De groep rond Baker heeft eerder dit jaar een bod op tafel gelegd van 1,9 miljard Canadese dollar, omgerekend zo'n 1,3 miljard euro. Daarover zou eigenlijk deze week gestemd worden door alle aandeelhouders, maar de stemming is op last van beurswaakhond SEC uitgesteld na protest van Catalyst Capital Group. De investeerder wilde graag meer informatie over het bod van Baker.
Volgens een memo die aan adviseurs is gestuurd houdt Baker zijn opties nu tegen het licht. Ergens komende dagen wordt waarschijnlijk een knoop doorgehakt. De groep rond Baker is nu goed voor ongeveer 57 procent van de aandelen.
Hudson's Bay zit al langer in zwaar weer. Het bedrijf stootte het grootste deel van zijn Europese activiteiten al af, met uitzondering van die in Nederland. Hier wil Hudson's Bay eind dit jaar sluiten, maar een gerechtelijke uitspraak maakt dat onmogelijk. Hudson's Bay is volgens het gerechtshof in Amsterdam verplicht twee filialen, in Amsterdam en Breda, ook na 1 januari open te houden. Om dat laatste te voorkomen heeft de keten voor zijn Nederlandse activiteiten uitstel van betaling aangevraagd. Er is inmiddels surseance verleend.
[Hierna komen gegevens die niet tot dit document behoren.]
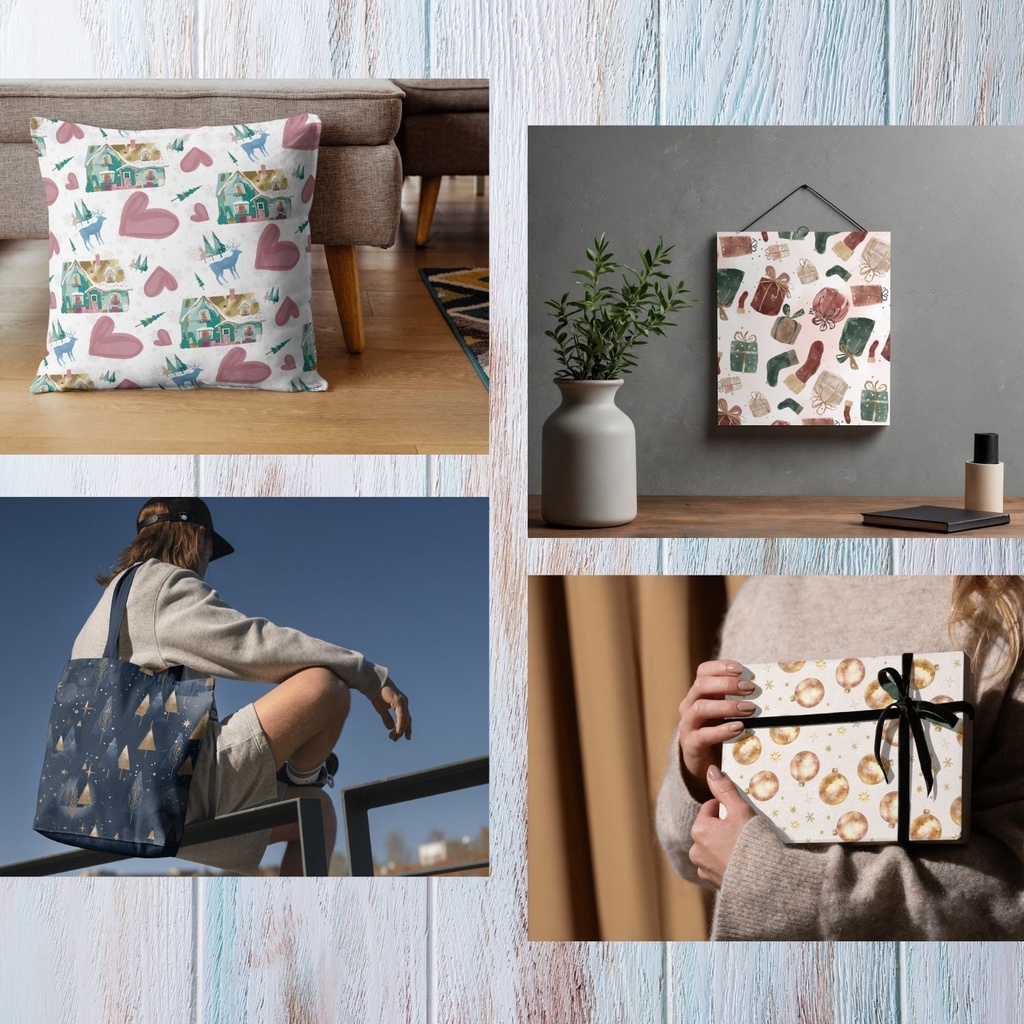 Christmas Art digital paper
Overigens kwam Catalyst eerder zelf ook al met een bod op Hudson's Bay. De investeerder was bereid 2 miljard Canadese dollar te betalen, maar Hudson's Bay wees dat laatste bod af. Volgens Baker en de zijnen zou Catalyst een roekeloos financieringsplan hebben waardoor Hudson's Bay alleen maar dieper in de schulden zou belanden.